The Motley Fool Discussion Boards
Investing/Strategies / Retirement Investing
|Subject: Cashing Out of Pension Plan?||Date: 7/18/2001 2:17 AM|
|Author: dwolf107||Number: 30819 of 76601|
My previous employer has offered me the option of cashing out of their pension program. I am new to investing on my own and a trusted friend referred me to a financial advisor who told me that I could get a better return on my money by cashing out and investing in 5 different mutual funds managed by American Funds.
Would it be better for me to avoid the financial advisor and invest the money in some type of index fund, or does American Fund have good products? How do I go about making this type of decision?
Here are the particulars:
1. My previous employer was Time Warner (now AOL Time Warner). They have a pension and a 401K program. My 401K account is still intact and I don't have any immediate plans to move it. However, I am considering their offer to cash out of the pension program.
2. I am about 18-20 years away from retirement.
3. In all five cases, each American Funds prospectus contains a table showing the average annual total returns for one year, five years, ten years, and the lifetime of the fund. Two of the funds had disastrous years in 2000. However, the lifetime average in all five cases ranges from 12.92% to 17.79%.
4. I'm not clear on how to asses the fees, loads, and commissions. It appears to depend on which class of shares you purchase. In particular, I'm looking at the a) EuroPacific Growth Fund (77% outside the US and 33% inside the US), b) Smallcap World Fund (worldwide companies with less than $1.5 billion in outstanding shares), c) Growth Fund of America (a variety of worldwide companies), d) Fundamental Investors (companies that have a commitment to R&D, among other characteristics), and e) the Washington Mutual Investors Fund (blue chip companies).
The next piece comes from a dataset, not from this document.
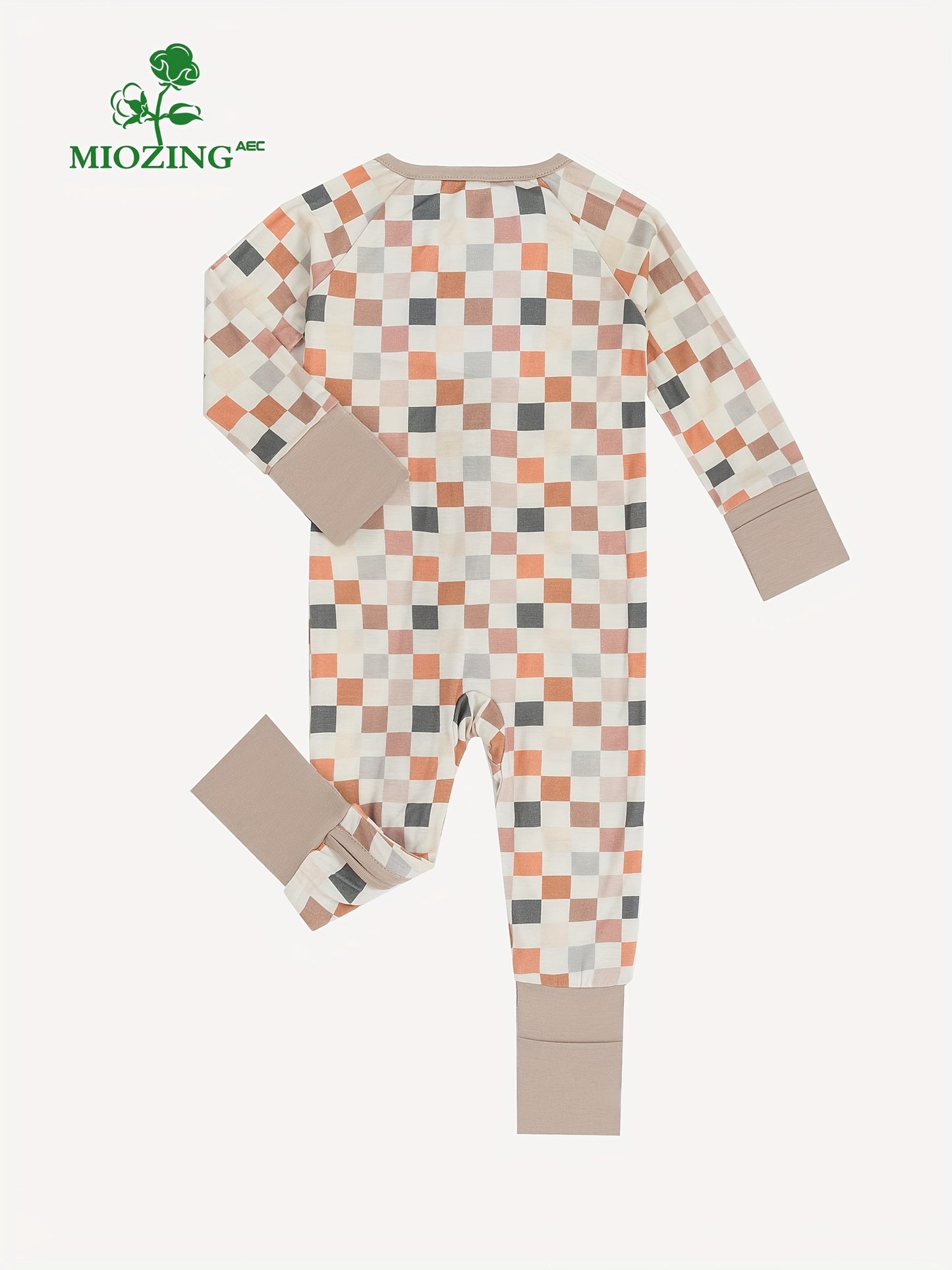 Cozy Bamboo Fiber Long Sleeve Baby Romper Jumpsuit - Soft, Breathable, Foldable Foot Cover, Zipper Design, Comfortable Wear - Perfect for Baby Boys and Girls, Everyday Casual Wear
5. I'm just getting into investing but haven't much reading about it nor do I have a great deal of time to do so. I've read the introductory material at the Fool web site and understand what steps must be taken, but haven't done any of it yet. For one thing, other than investing the retirement money from Time Warner I don't have enough money saved up for emergencies before I can start investing the rest. This has always been a desire of mine, but with a family and living off one income we've never been able to save more than two months worth of income as a reserve.
6. I am aware that the money coming out of the retirement account will have to go into an IRA so I don't have to pay income taxes on it now.